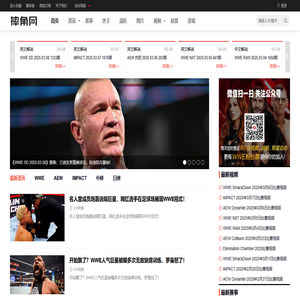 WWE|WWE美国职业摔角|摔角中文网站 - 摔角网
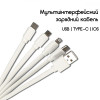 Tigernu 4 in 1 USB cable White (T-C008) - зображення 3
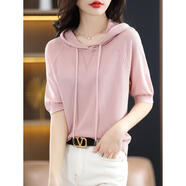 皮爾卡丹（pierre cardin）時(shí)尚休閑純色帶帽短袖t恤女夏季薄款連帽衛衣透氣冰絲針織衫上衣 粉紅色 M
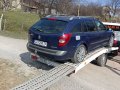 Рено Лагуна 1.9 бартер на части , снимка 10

^^^^^^^^^^^^^^^^

| To do |
Send back the data above verbatim, leaving out its pictures.

| Answer for the task |
 WWE|WWE美国职业摔角|摔角中文网站 - 摔角网
 Tigernu 4 in 1 USB cable White (T-C008) - зображення 3
 皮爾卡丹（pierre cardin）時(shí)尚休閑純色帶帽短袖t恤女夏季薄款連帽衛衣透氣冰絲針織衫上衣 粉紅色 M
 Рено Лагуна 1.9 бартер на части , снимка 10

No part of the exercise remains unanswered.